Who Wants to Work Part Time?

Carrie Vaughan, for HealthLeaders Media, January 16, 2009

Last year marked the worst job market since 1945—2.6 million jobs were lost in 2008. The end of last year was particularly challenging—the unemployment rate rose to 7.2% in December from 6.7% in November, and roughly 500,000 jobs were lost in both November and December. The healthcare industry wasn't immune to job market losses, either; during the past few months, the number of hospitals and health systems laying off employees—mostly nonclinical staff—has been staggering.

So I wasn't too surprised to read that leaders at Mercy Hospital Medical Center in Des Moines, IA, were looking for volunteers to switch to part-time status or retire early. Employees have until January 19 to decide. Staff members who do volunteer to resign will receive two weeks' pay for each year they worked at the company along with a bonus week of pay.

I'm just not sure how many employees will actually take the offer. One of the side effects of this recession may be that employees who were planning to retire or work less hours are no longer able to do so. And the uncertainty of the job market may mean that few are willing to gamble on finding work elsewhere. In some instances, this could be good news for healthcare, if it means that physicians and nurses are going to stick around longer. Many regions are still being negatively impacted by work force shortages in healthcare.

And for those employees who are now forced to work a few extra years, having job flexibility will probably be one of their top concerns. If healthcare organizations want to keep these employees happy and remain attractive to new recruits in 2009, developing flexible staffing plans will be essential.

Flexibility is one of the keys to retention, says Jonathan Liepe, director of staffing services at Memorial Health System in Colorado Springs, CO. For example, if you get hired by a hospital as a night and weekend nurse and realize that you are stuck there until a daytime position opens up—which could take years—you probably won't stay very long. "That is where many hospitals have dropped the ball," says Liepe. Employees are more likely to stay in an organization if they can adjust their schedules based on work-life balance, and if they have opportunities to grow their skill sets and advance their careers.

That's one of the reasons Memorial Health has structured its internal staffing agency without too many restrictions. "We are able to garner those nurses looking for more work-life balance—trying to raise a family or getting close to retirement—so it allows them to pick and choose when they are available," Liepe says, adding that they can also choose where they'd like to work. This is different than other hospital internal float pools that force employees to work a specific set of hours and assign the job orders to them. Aside from a small number of nurses who must maintain a certain number of hours to receive benefits, there are no minimum hour requirements, Liepe explains. Employees are expected, however, to work enough hours to maintain their skill sets either at Memorial Health or through other clinical jobs in the community, he adds.

Being able to choose what unit they'd like to work on also appeals to those nurses and employees who like the variety that the float pool can offer by being able to work in different departments and units.

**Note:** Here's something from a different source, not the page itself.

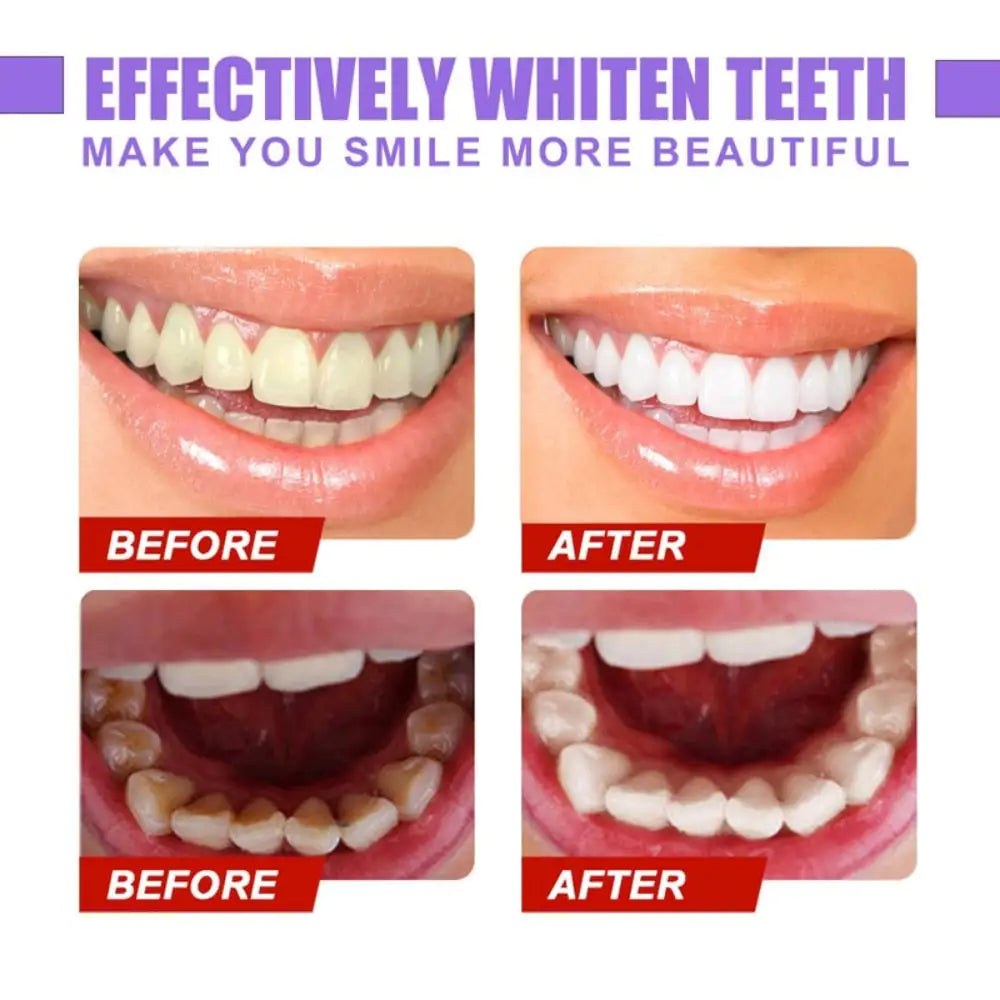Eelhoe Enamel Care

When it comes to staffing efficiency, Liepe has helped transform the three-hospital system's antiquated paper-based staffing process to an automated system that enables the central staffing office, unit directors, and employees to all see what shifts need to be filled and what credentials are required. The system has also helped Memorial Health reduce its reliance on contract labor.

Executives like the system because they can view contract labor costs in real time, rather than being blindsided at the end of the month, Liepe says. In addition, unit managers can also use the system to view the internal or agency candidates and choose the best person based on qualifications, experience working on that particular unit, and cost, which can lead to better quality and patient safety.

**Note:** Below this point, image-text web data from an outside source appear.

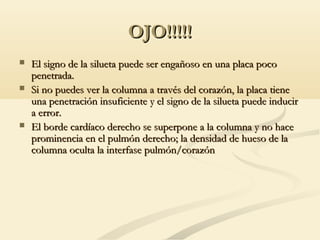 OJO!!!!!OJO!!!!!
 El signo de la silueta puede ser engañoso en una placa pocoEl signo de la silueta puede ser engañoso en una placa poco
penetrada.penetrada.
 Si no puedes ver la columna a través del corazón, la placa tieneSi no puedes ver la columna a través del corazón, la placa tiene
una penetración insuficiente y el signo de la silueta puede induciruna penetración insuficiente y el signo de la silueta puede inducir
a error.a error.
 El borde cardíaco derecho se superpone a la columna y no haceEl borde cardíaco derecho se superpone a la columna y no hace
prominencia en el pulmón derecho; la densidad de hueso de laprominencia en el pulmón derecho; la densidad de hueso de la
columna oculta la interfase pulmón/corazóncolumna oculta la interfase pulmón/corazón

The system, from ShiftWise, helped the hospital save roughly $800,000 in 2007 on staffing costs, and it was on target to see similar savings (if not better) in 2008.

The hospital has also started its own internal travel healthcare professional position. It reaches out to professionals who only like to do travel assignments, and hires them directly for the 13-week or 26-week contract. Most of these employees are travelers who have worked with the health system in the past. Summers in Colorado and winters in Florida—it doesn't get more flexible that.